# [Activity]
The lines below from the one with "Foto 1 - Monolocale" up to and including the one with "鬼滅の刃 風 煉獄杏寿郎 れんごくきょうじゅろう 鬼殺隊隊服 炎 羽織" are what you should set down, exactly and without pictures.

# [Record excerpts]
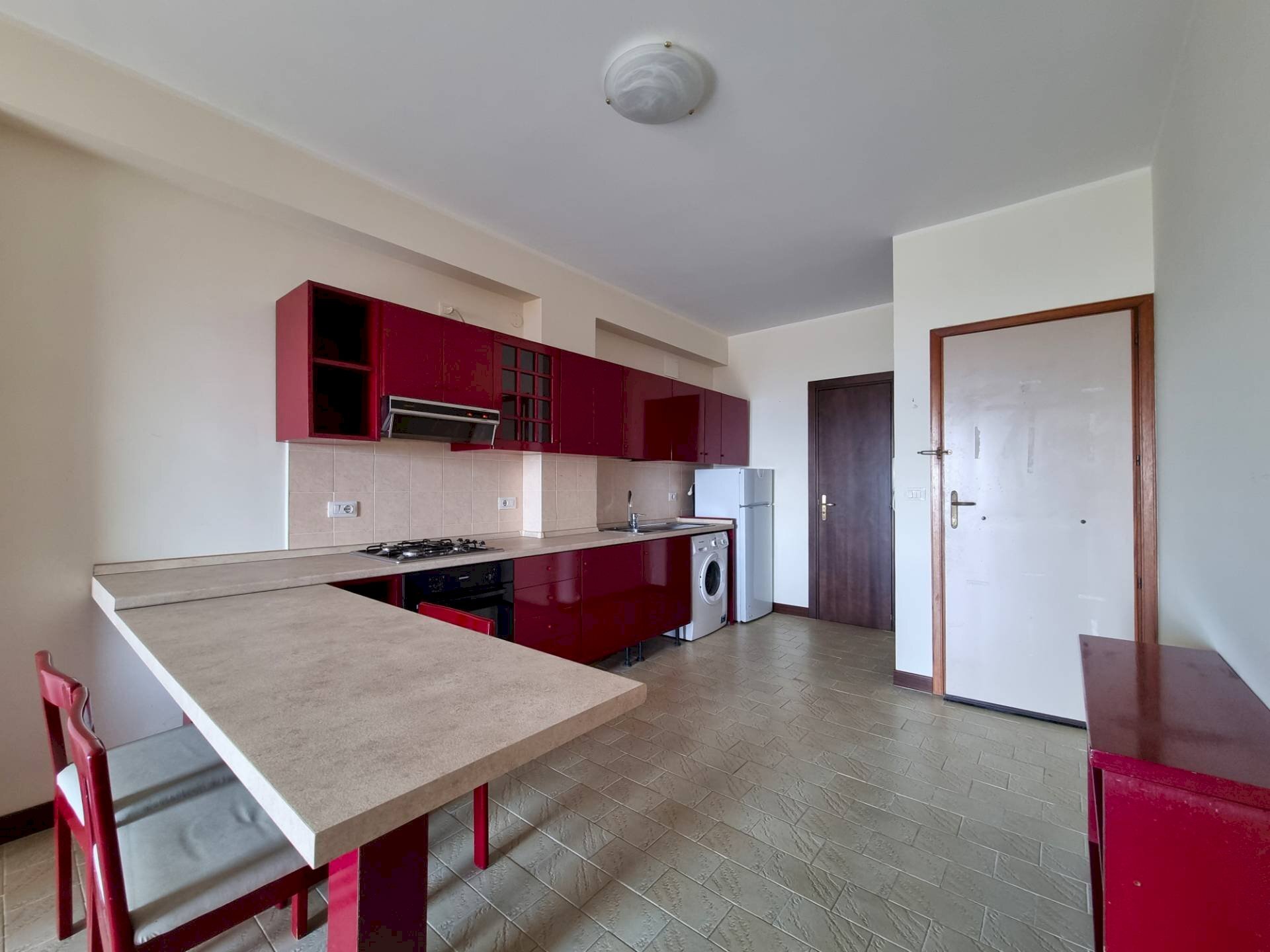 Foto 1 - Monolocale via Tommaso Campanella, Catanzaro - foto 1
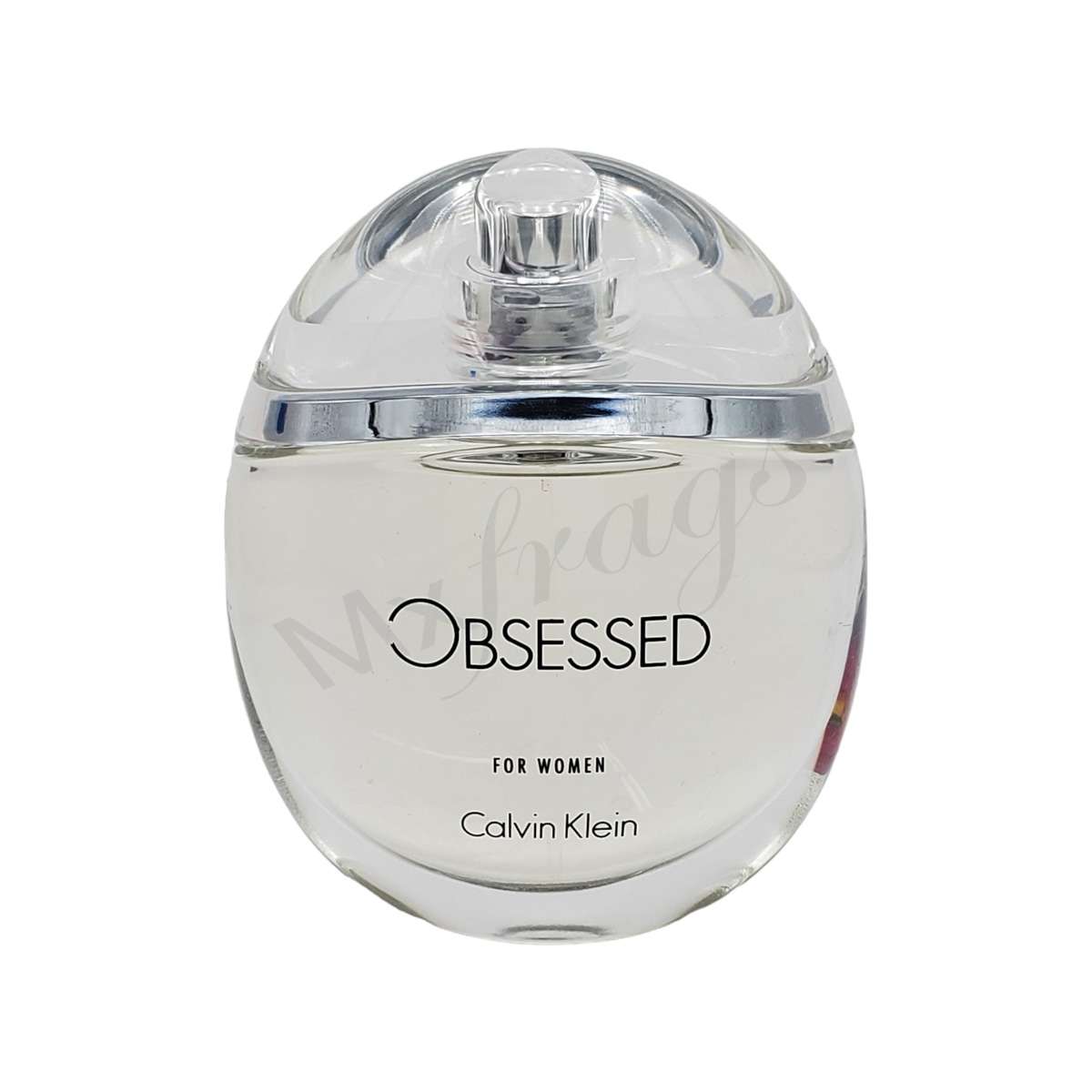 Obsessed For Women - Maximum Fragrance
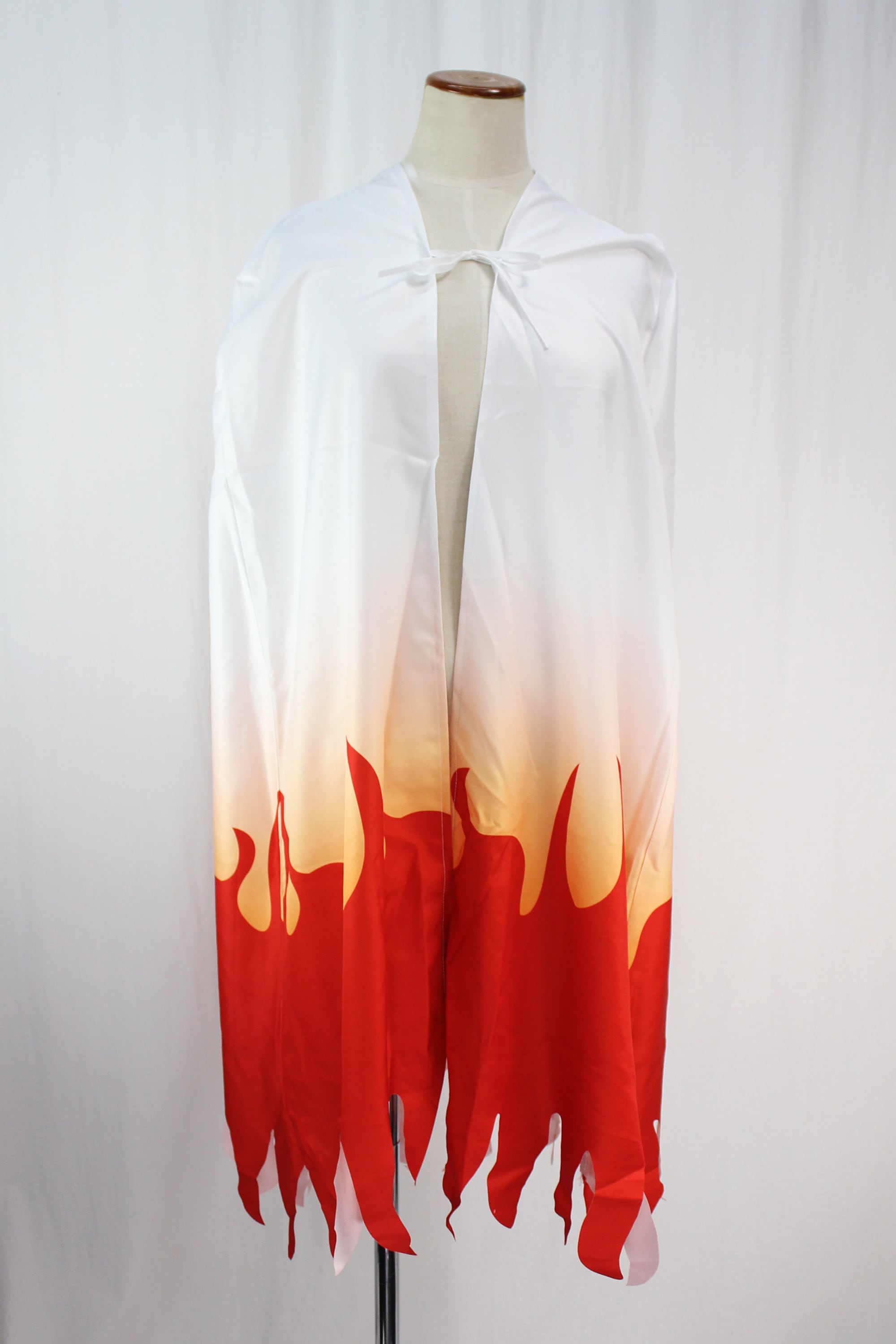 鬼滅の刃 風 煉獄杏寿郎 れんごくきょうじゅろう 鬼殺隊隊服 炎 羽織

--

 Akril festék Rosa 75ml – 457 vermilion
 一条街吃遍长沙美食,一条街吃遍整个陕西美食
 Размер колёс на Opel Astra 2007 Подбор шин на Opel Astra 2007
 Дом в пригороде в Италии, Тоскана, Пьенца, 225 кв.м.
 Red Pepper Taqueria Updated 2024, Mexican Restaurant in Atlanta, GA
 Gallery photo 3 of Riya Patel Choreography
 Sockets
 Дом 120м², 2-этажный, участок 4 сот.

==

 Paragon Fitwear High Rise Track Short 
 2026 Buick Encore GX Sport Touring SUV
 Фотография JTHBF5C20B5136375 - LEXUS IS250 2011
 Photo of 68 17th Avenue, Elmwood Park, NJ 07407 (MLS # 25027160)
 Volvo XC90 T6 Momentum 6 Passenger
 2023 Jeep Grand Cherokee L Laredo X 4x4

# [Exercise solution]
 Foto 1 - Monolocale via Tommaso Campanella, Catanzaro - foto 1
 Obsessed For Women - Maximum Fragrance
 鬼滅の刃 風 煉獄杏寿郎 れんごくきょうじゅろう 鬼殺隊隊服 炎 羽織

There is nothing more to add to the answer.